Reading/Interest Level: Intermediate
Author: Ali Standish
Publisher: Harper Collins
Miranda has spent years longing to go to August Isle, the town where her mother spent her girlhood summers. But Miranda never wanted to go like this. With both parents busy with work assignments, Miranda is sent to August Isle to spend the summer with her mother's friend Clare and her daughter Sammy. Miranda and Sammy immediately connect, and the summer looks up as new friendships develop and the isle is explored. As Miranda determines to discover why her mother stopped coming to August Isle and why she distances herself from her family, Miranda finds herself tangled in a web of mysteries, involving an old seafarer, a distant lighthouse, and a familiar name. As she begins to find answers, Miranda must face her fears head on and learn to forgive both her mother and herself.

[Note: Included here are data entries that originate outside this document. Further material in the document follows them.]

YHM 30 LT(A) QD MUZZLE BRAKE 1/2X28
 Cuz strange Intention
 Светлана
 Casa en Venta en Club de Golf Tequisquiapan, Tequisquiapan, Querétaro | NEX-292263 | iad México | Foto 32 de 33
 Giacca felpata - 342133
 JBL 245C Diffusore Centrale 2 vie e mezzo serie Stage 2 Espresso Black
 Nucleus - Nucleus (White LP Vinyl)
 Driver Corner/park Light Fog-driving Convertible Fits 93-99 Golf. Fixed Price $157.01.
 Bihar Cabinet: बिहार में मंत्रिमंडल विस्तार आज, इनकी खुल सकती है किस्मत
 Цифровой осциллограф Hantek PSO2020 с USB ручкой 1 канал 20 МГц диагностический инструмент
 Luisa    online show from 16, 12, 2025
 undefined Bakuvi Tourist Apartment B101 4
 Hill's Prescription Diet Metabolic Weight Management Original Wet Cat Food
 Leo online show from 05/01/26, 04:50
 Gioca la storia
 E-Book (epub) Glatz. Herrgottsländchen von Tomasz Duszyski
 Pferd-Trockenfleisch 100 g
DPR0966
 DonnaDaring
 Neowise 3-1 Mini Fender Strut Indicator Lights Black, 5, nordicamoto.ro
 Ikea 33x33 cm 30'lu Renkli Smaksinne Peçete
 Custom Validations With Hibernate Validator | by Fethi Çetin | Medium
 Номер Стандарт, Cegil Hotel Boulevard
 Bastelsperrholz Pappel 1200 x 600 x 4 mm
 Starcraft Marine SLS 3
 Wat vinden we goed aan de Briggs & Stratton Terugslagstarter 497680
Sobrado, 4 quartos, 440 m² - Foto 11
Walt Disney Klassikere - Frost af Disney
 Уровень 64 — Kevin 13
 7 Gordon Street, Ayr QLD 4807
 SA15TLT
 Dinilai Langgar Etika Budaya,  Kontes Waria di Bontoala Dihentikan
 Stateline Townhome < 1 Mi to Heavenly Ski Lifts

The complexity of character and emotion in this book is stunning. Miranda longs for her mother’s love and affection, but as her mother grows distant, Miranda internalizes this as a fault of her own. However, she learns while unraveling mysteries over the course of the summer more about her family and particularly her mother. Miranda’s perspective begins to change as she gradually realizes that everyone around her is on their own journey. This book beautifully portrays a difficult concept for children to grasp: that their parents (and even their friends) are complex individuals who are the main characters of their own stories. This is a heartwarming book about family, bravery, and perspective that is perfect for any middle grade classroom.